The circuit court found that there was every reason to think that Jones was under the officers’ control, and they should have known that shooting him repeatedly was excessive. The fact that Jones had been pinned to the ground by multiple officers could certainly signal that he was secured, and the fact that he was unresponsive when they stood above him could have clued them in that he was not a threat. “The officers contend that Jones should have dropped the knife upon their commands, and that his failure to do so places his shooting in the gray zone where qualified immunity applies,” the court wrote. But, “shouting ‘drop the knife’ seconds before shooting him was, at best, farcical because it was impossible for an incapacitated person to drop a knife tucked into his sleeve.”

Indeed, in looking back to the entire incident, the court suggests that the officers’ behaviors bore directly on its deadly outcome. “Non-cooperation with law enforcement has never given officers carte blanche to use deadly force against a suspect; luckily for many of us, neither has being ‘armed’ with a small knife,” the court wrote. “Jones was not an armed felon on the run, nor a fleeing suspect luring officers into a high-speed chase. Jones was walking in the road next to the sidewalk, away from the dark shadows and blind corners of buildings at night. He was without housing and had a knife on his person. As a pedestrian, he should have been on the sidewalk, but Officer Lehman never told him that.”

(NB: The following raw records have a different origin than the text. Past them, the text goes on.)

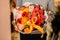 Female holds a bouquet with pion-shaped roses, poppies, pink and orange roses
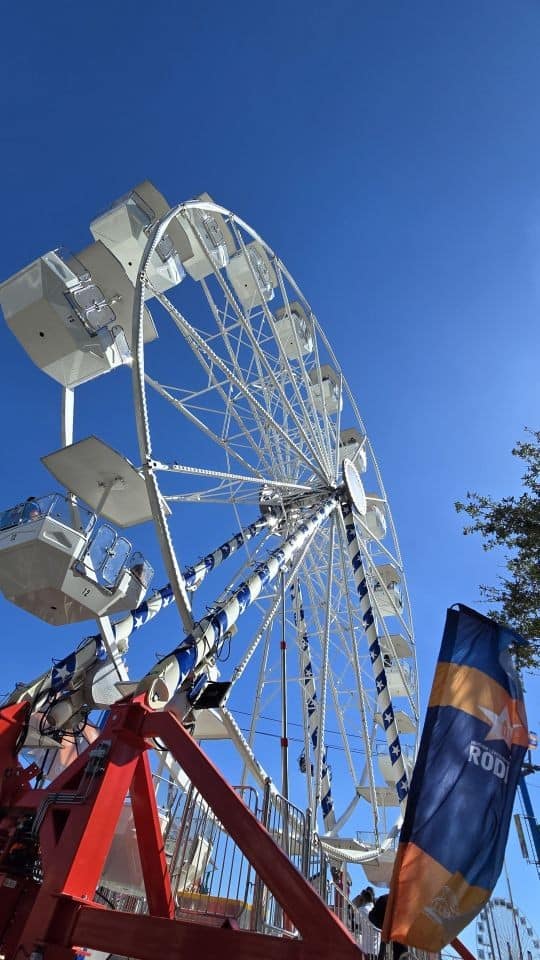 Open-air Ferris wheels like this are a common sight at the Houston Rodeo midway.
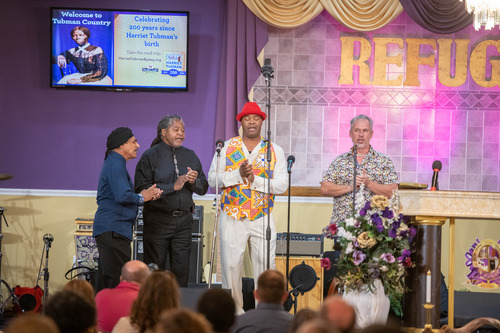 Bruce "Sunpie" Barnes and the Louisiana Sunspots can be seen in the center of the picture clapping while performing their last song of the night. Attendees are visible in the foreground looking towards the band. A purple and beige wall can be seen in the background.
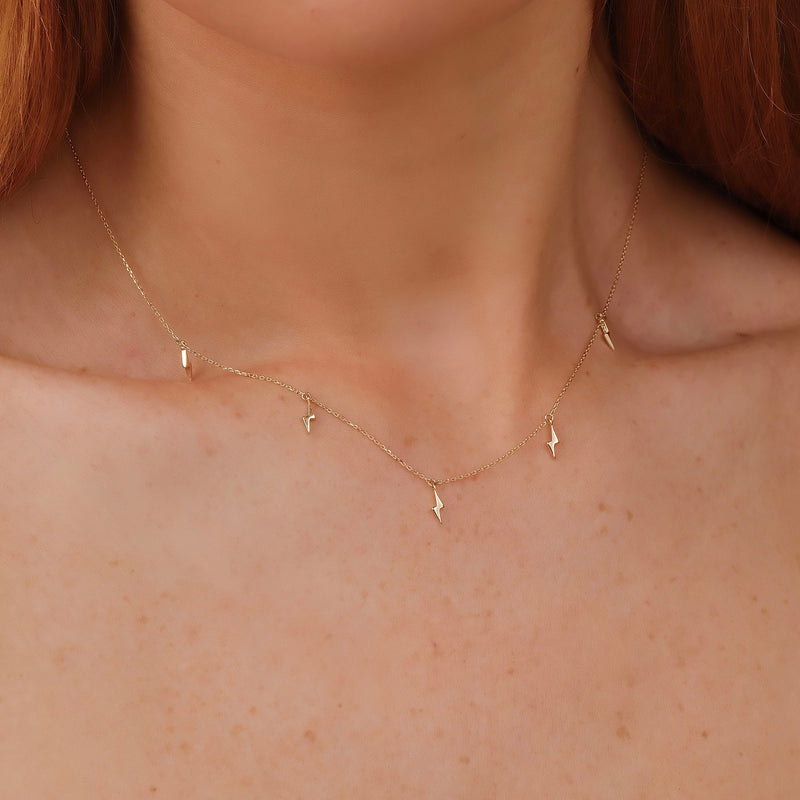 Edgy lightning bolt drop necklace in gold, perfect for a statement piece.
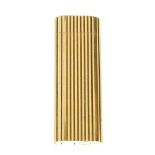 CARTIER - a lighter. Designed with a ribbed gold-tone exterior. Measuring 1 by 2.2 by 6.7cms. With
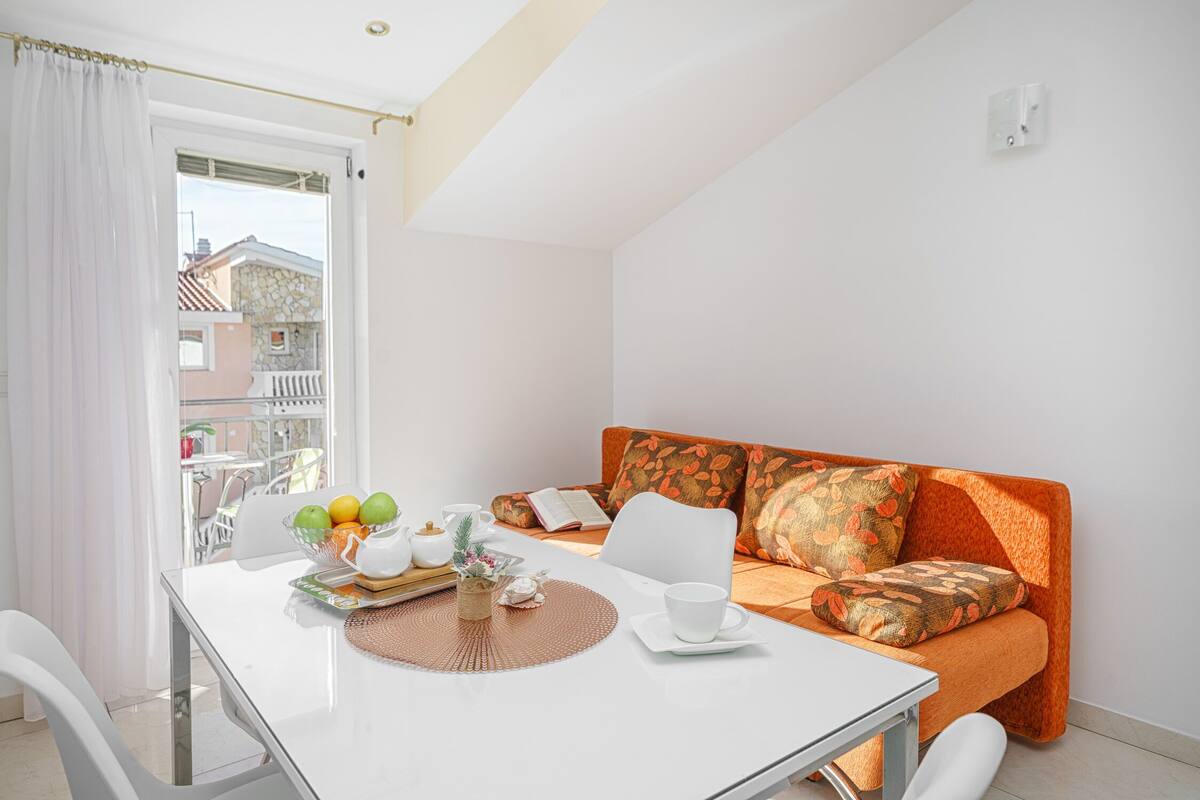 A bright room with a white table, a sofa with orange cushions, a window with white curtains, and a view of buildings outside.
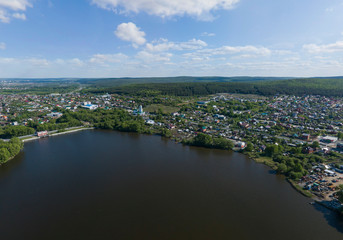 Aerial view of private houses near the bank of Iset river in Ekaterinburg city. Summer day, sunny. Russia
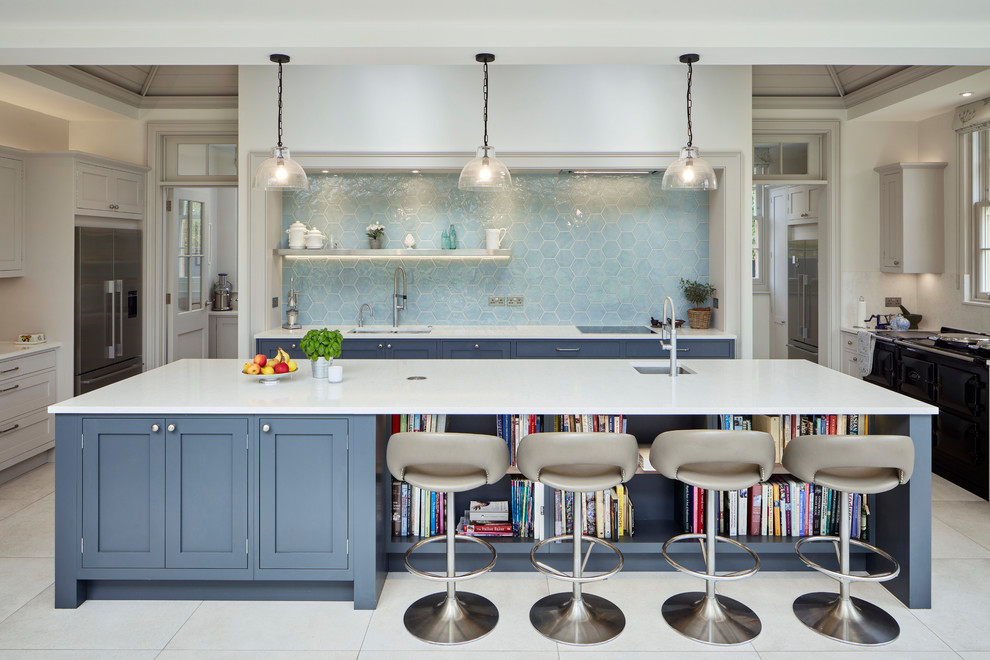 Eat-in kitchen - mid-sized transitional u-shaped gray floor eat-in kitchen idea in Berkshire with shaker cabinets, blue cabinets, blue backsplash, an island, an undermount sink and stainless steel appliances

How many more appalling stories of police murders are out there that have not received wide publicity?

Comments

  1. Ridana says

    I remember being told years ago in a self-defense class to walk down the middle of a street at night (if no traffic around) because it was safer than walking next to buildings, alleys and shrubberies. Attackers would be less likely to come that far out into the open, and even if they did, you’d have time to see them coming. I guess not when the attackers are the police.
    .
    Considering how macho and “alpha male” that cops’ self-image is, I’d think the cognitive dissonance between that image and the reality of being so batshit terrified by prone and bound “suspects” that they feel the need to shoot to kill at the slightest movement or lack thereof, would make them catatonic trying to reconcile the two. They must be imagining black people as superhuman shapeshifting werewolves that can instantly break their chains and level city blocks by merely flexing, a delusion which only shows they’re utterly unfit for duty.

  2. Bruce says

    In the described scenario, even a non-injured white person on the ground wouldn’t want to “drop the knife” he wasn’t holding. The officers are implying that the “safe” thing the suspect should have done would have been to pull the knife out of his sleeve and show it to the officers, and then drop it away from himself while lying down. Instead of two seconds, he workday have been hit with 55 bullets in one second, as the officers would have been “afraid” that the immobile man on the ground was going to stab them all before any of them could shoot him once.
    The snowflake officers were clearly insane with fear, based on nothing real. They should have been forcibly confined for psychiatric treatment until they were mentally healthy enough to stand trial.